Skinner: Doch, natürlich. Ich muss oft an eine junge Frau in einem Bukarester Bordell denken. Jemand hatte versucht, die Zeichen des Downsyndroms in ihrem Gesicht zu überschminken, aber sie weinte so sehr, dass ihr die Wimperntusche in Bächen die Wangen hinunterlief. Am Arm hatte sie Schnittwunden, einige waren gerade erst vernarbt. Sie muss mehrmals versucht haben, sich umzubringen, um den täglichen Vergewaltigungen zu entgehen.
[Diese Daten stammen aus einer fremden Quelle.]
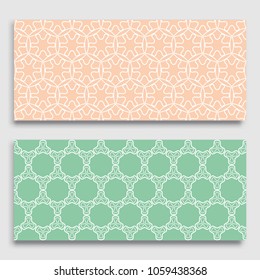 Seamless horizontal borders with repeating line texture. Geometric seamless lace patterns collection for banners, greeting cards or birthday invitations. Ethnic arabic, indian, turkish ornament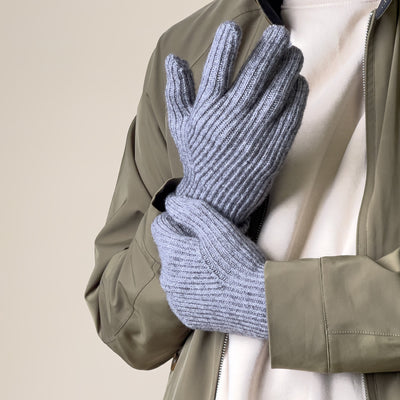 Braided telephone gloves with cut-outs for fingers - gray — Hurtel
Sechs bis zehn Euro kassiert ihr Zuhälter jeweils dafür. Ich hätte sie kaufen können, im Austausch gegen einen Gebrauchtwagen, keine drei Flugstunden von hier entfernt.
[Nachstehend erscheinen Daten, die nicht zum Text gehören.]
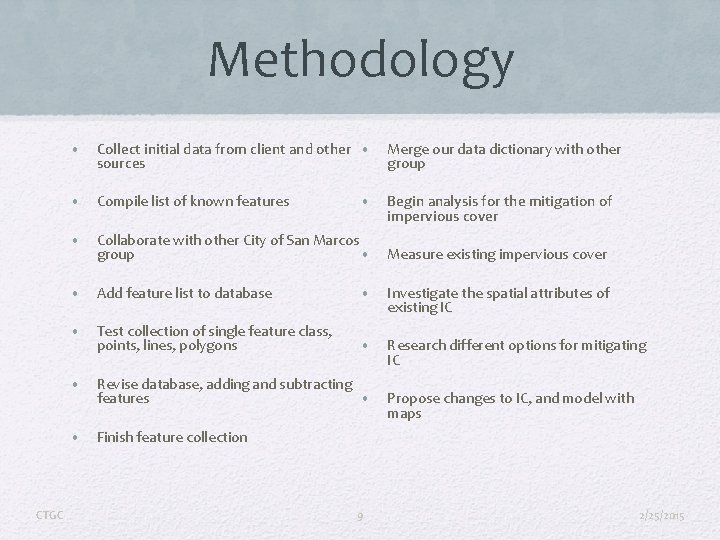 Methodology CTGC • Collect initial data from client and other • sources • Compile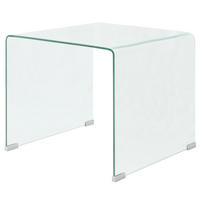 COUCHTISCH 49,5/50/45 cm aus Gehärtetem Glas Transparent U-Form - Transparent, Glas (50/49.5/45cm) - vidaXL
WELT ONLINE: Was haben Sie getan?
Skinner: Ich bin zur Polizei gegangen und habe den Fall angezeigt. Aber der Beamte sagte nur: "Das sind die Roma, die haben anderes Blut und andere Gesetze. Wir haben keinen Roma in unseren Menschenhandel-Taskforces, der diese Gruppe infiltrieren könnte." Ich habe es auch über unser Außenministerium versucht, aber es ist nicht genug passiert. Die EU müsste auf Rumänien wieder so viel Druck ausüben wie vor der Aufnahme.
WELT ONLINE: Hatte die EU-Mitgliedschaft überhaupt eine Auswirkung auf das Schicksal dieser Frau?
Skinner: Schwer zu sagen. Ich habe vor ein paar Monaten bei der Polizei nachgefragt, aber nichts gehört. Ihr Schicksal verfolgt mich.
WELT ONLINE: In Haiti haben Sie einmal die beobachtende Rolle des Reporters verlassen.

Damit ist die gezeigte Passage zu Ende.